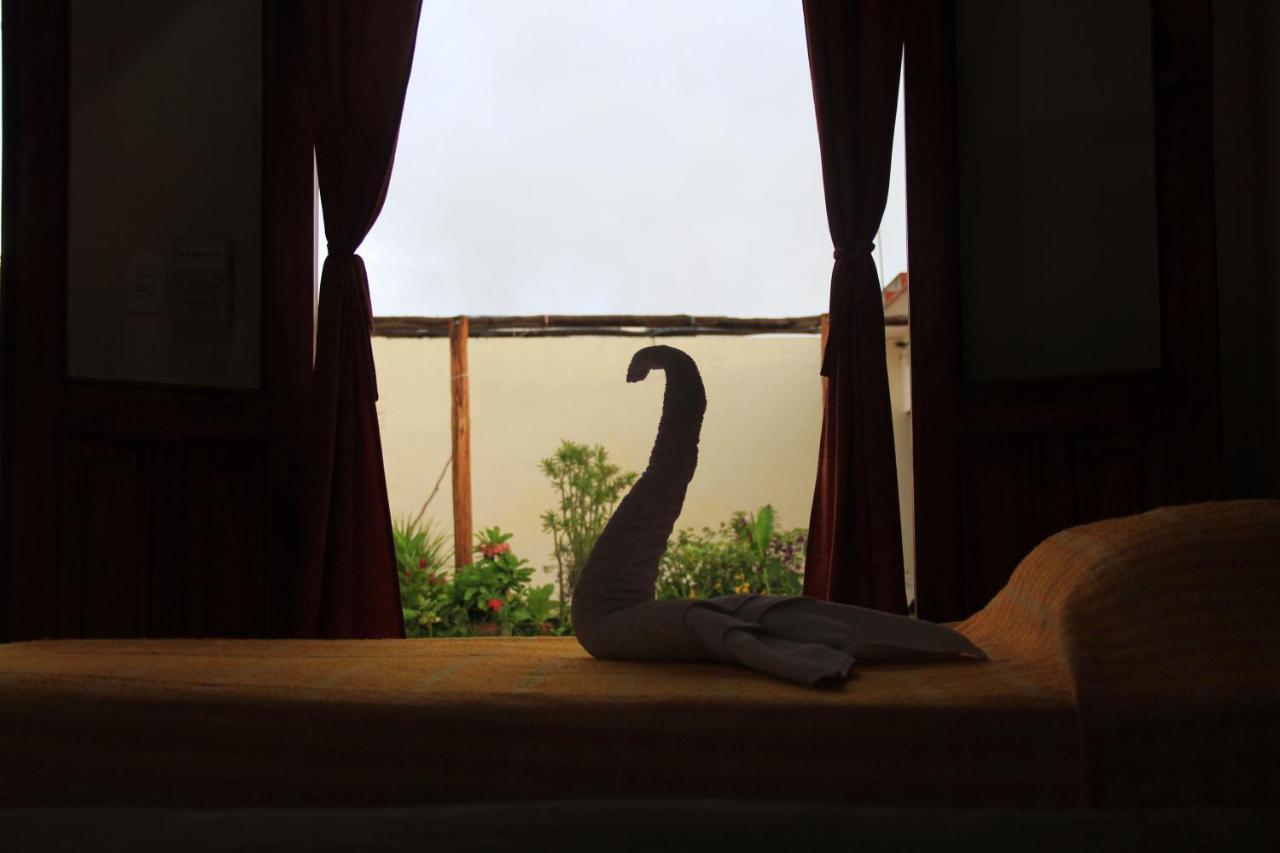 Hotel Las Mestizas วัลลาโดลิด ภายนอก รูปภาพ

□ □ □

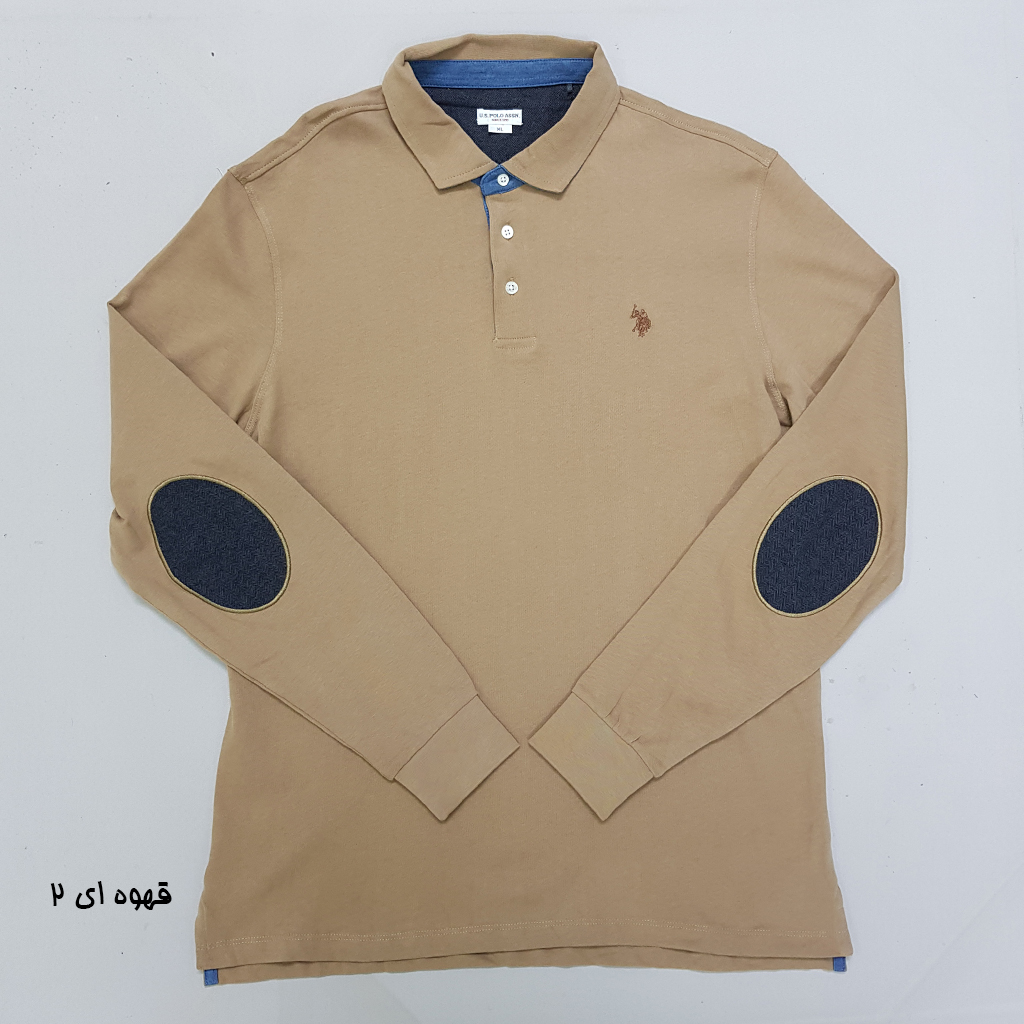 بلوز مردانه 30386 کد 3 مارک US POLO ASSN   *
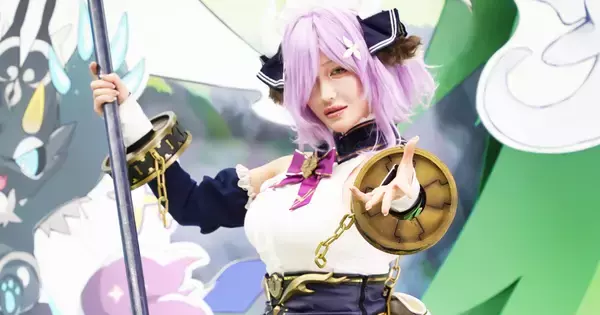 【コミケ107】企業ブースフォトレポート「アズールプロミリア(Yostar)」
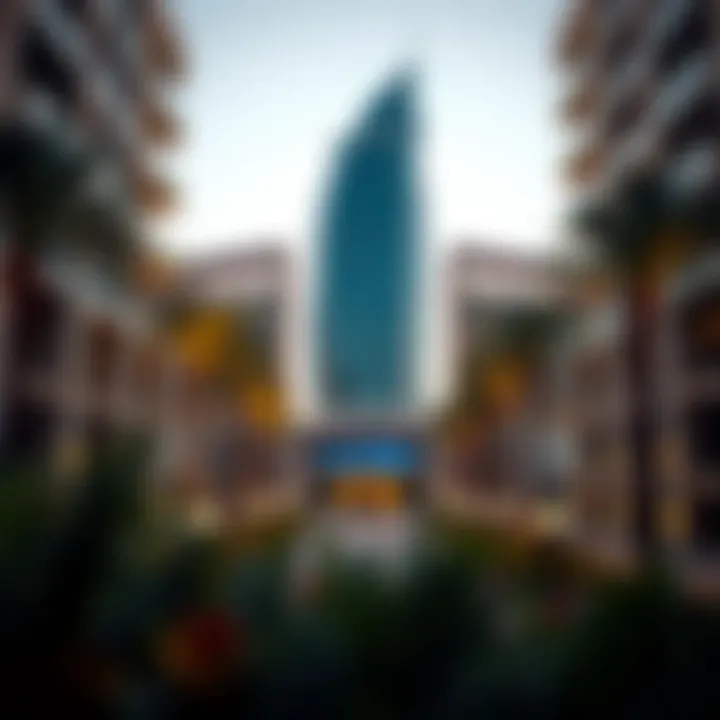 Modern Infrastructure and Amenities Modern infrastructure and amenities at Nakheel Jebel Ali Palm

□ □ □

### PROBLEM DETAILS
Range to print from the listing above: from the line with "بلوز مردانه 30386" up to and including the line with "Modern Infrastructure and Amenities Modern". Please print those lines exactly, with no pictures and nothing more.

### OUTPUT OF THE TASK
 بلوز مردانه 30386 کد 3 مارک US POLO ASSN   *
 【コミケ107】企業ブースフォトレポート「アズールプロミリア(Yostar)」
 Modern Infrastructure and Amenities Modern infrastructure and amenities at Nakheel Jebel Ali Palm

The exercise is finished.